_Instructions to follow:_
Once you find the line with "पंचायत चुनाव समय" in the data below, transcribe exactly each line from there to the line with "3437 Loftwood Lane - Photo Thumbnail 3", inclusive, and nothing else. Drop the pictures.

_Material to process:_
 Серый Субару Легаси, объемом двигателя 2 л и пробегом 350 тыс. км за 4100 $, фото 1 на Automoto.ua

--

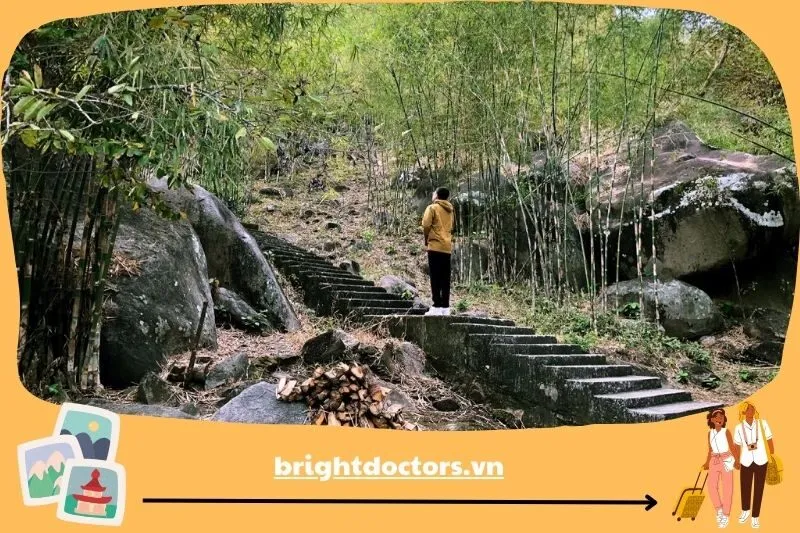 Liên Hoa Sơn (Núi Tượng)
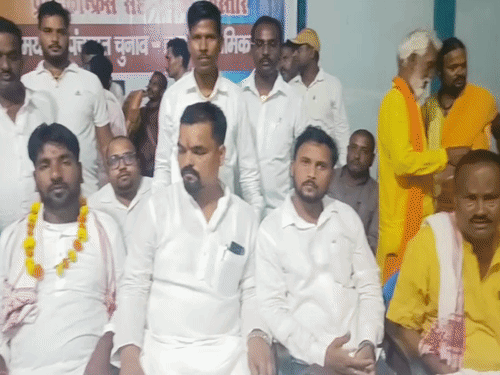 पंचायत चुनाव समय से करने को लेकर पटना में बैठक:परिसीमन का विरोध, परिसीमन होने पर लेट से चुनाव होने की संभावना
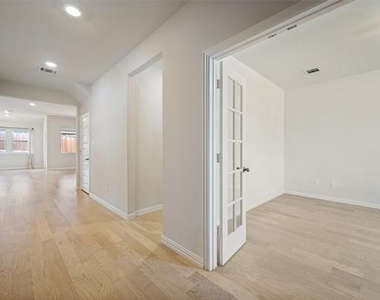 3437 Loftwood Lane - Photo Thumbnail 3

...

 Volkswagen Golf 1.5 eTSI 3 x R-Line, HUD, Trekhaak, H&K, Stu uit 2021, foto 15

_Exercise result:_
 पंचायत चुनाव समय से करने को लेकर पटना में बैठक:परिसीमन का विरोध, परिसीमन होने पर लेट से चुनाव होने की संभावना
 3437 Loftwood Lane - Photo Thumbnail 3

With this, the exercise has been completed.